Items listed in a dataset
———

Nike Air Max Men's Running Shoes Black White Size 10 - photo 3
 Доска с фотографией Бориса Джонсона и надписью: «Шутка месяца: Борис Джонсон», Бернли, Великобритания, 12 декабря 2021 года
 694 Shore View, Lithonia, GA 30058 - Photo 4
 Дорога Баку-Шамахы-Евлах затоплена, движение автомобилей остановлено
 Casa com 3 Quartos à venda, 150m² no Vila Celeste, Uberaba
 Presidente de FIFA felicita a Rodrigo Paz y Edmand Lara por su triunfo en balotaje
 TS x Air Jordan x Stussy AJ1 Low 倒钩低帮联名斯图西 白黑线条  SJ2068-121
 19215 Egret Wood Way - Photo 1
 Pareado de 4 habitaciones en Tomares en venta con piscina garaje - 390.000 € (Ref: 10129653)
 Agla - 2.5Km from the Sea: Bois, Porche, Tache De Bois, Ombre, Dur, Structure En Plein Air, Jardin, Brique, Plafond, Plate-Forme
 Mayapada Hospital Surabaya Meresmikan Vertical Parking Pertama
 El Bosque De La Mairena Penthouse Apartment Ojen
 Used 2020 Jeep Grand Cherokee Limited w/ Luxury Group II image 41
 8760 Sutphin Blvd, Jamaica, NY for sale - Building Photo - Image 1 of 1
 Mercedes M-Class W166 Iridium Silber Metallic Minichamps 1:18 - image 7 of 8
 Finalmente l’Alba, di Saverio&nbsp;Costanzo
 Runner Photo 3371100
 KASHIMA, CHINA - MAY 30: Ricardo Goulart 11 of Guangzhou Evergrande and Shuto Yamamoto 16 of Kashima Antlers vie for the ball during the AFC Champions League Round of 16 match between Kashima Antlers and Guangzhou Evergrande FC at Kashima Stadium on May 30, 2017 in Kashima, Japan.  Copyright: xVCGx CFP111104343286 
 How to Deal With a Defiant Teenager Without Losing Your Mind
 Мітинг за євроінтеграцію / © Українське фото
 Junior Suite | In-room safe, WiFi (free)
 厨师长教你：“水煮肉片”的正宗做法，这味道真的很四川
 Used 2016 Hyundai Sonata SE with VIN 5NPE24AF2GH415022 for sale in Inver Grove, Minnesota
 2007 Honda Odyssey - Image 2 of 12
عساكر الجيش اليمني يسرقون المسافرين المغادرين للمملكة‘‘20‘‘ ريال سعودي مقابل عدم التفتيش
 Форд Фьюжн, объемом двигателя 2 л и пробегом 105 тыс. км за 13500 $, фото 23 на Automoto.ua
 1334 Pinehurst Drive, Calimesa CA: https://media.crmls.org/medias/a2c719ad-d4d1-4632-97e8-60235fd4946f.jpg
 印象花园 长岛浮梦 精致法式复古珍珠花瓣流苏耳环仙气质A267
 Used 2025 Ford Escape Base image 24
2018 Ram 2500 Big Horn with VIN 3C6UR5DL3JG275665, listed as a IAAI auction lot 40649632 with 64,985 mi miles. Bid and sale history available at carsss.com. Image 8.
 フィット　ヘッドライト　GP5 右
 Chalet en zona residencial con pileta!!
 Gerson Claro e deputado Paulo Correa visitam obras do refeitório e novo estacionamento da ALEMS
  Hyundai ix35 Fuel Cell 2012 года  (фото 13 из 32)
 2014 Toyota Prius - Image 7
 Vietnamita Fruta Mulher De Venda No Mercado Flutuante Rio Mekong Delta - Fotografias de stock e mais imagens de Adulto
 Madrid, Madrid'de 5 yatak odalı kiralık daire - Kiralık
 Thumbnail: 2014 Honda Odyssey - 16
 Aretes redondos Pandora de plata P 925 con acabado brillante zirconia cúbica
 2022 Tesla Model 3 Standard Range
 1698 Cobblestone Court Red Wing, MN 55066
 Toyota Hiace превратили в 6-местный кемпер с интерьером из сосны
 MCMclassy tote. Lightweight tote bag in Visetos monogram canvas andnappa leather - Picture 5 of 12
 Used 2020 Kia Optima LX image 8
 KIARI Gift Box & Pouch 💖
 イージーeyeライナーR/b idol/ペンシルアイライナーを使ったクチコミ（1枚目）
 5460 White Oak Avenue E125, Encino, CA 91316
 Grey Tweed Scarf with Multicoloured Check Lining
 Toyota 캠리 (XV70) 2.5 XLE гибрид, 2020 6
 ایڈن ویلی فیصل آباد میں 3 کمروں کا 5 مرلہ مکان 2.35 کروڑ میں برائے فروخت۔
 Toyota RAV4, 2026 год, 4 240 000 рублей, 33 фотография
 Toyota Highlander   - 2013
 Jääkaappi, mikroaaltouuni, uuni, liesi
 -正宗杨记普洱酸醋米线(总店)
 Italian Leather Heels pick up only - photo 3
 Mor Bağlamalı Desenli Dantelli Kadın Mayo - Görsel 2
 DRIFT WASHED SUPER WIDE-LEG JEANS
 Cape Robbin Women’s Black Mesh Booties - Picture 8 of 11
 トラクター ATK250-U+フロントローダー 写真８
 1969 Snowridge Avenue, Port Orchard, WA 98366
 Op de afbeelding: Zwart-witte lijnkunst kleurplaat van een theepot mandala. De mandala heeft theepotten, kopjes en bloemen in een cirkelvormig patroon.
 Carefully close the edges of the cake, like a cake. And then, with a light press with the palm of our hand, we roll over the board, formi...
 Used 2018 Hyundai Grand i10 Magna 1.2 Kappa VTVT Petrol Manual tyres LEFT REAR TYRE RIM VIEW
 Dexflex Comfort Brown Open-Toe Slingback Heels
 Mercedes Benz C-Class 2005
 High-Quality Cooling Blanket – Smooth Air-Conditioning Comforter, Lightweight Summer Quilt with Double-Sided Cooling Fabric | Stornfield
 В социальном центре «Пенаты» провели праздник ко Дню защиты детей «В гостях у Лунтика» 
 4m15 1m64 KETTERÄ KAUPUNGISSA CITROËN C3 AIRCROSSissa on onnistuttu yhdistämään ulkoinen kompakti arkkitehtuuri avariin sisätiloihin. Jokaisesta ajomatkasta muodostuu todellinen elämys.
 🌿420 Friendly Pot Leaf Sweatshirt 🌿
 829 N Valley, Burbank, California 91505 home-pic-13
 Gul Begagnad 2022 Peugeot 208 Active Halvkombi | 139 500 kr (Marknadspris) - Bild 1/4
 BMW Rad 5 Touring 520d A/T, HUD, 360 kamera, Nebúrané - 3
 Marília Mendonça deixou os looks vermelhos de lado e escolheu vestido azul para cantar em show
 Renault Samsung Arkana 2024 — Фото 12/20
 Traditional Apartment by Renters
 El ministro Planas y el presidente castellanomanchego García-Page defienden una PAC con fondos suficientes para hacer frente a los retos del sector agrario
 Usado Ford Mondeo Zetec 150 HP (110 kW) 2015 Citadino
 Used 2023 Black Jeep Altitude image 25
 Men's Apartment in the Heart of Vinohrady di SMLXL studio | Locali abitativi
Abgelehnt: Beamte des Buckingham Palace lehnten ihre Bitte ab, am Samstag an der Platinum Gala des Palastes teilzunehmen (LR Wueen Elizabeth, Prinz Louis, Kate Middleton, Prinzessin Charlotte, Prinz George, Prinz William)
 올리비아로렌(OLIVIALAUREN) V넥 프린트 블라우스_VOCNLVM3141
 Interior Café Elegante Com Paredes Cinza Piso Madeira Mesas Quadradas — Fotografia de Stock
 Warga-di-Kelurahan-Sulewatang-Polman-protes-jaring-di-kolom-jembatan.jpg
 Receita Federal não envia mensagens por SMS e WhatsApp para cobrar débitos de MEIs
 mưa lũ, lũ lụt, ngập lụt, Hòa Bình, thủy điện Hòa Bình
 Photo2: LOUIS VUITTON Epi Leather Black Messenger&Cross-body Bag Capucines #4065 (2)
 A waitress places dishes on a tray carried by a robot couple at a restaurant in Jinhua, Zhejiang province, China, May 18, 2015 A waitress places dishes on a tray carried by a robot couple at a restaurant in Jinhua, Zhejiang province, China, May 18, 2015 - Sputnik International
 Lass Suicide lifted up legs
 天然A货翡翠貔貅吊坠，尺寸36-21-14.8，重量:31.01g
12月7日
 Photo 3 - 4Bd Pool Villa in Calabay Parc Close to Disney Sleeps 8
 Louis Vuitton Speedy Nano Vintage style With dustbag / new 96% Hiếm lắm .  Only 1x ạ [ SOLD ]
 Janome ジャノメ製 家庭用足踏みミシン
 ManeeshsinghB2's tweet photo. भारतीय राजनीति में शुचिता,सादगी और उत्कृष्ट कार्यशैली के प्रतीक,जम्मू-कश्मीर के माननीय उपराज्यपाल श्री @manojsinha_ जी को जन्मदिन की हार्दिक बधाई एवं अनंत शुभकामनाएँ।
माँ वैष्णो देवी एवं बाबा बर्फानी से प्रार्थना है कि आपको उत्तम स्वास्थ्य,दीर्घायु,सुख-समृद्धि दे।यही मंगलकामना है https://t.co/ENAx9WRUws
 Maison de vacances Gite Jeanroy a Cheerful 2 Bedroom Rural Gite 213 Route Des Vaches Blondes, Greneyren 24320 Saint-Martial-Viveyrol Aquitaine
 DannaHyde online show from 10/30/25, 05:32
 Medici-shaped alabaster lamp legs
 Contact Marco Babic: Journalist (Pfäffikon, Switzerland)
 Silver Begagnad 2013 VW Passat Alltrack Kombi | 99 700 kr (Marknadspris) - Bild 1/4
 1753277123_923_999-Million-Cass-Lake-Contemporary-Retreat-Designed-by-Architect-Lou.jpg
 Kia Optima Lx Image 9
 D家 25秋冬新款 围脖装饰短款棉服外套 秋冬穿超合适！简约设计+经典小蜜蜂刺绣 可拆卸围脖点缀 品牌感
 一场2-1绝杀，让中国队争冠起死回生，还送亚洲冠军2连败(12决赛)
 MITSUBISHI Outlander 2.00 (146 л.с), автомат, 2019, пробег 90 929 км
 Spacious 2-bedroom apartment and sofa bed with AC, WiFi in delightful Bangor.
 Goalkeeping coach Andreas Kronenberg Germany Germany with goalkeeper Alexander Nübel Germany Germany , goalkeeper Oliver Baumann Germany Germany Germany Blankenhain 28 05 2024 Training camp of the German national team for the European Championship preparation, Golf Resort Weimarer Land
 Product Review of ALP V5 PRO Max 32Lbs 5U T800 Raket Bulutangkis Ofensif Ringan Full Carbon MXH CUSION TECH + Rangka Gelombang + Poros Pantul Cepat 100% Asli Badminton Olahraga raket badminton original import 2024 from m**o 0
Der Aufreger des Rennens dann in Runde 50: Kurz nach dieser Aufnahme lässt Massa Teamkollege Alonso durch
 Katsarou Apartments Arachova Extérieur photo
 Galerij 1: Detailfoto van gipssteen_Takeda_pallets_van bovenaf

———

## [What the exercise asks]
Starting with the line above that holds "Dexflex Comfort Brown" and stopping with the line that holds "В социальном центре", reproduce each line exactly, omitting all other lines.

## [Answer box]
 Dexflex Comfort Brown Open-Toe Slingback Heels
 Mercedes Benz C-Class 2005
 High-Quality Cooling Blanket – Smooth Air-Conditioning Comforter, Lightweight Summer Quilt with Double-Sided Cooling Fabric | Stornfield
 В социальном центре «Пенаты» провели праздник ко Дню защиты детей «В гостях у Лунтика» 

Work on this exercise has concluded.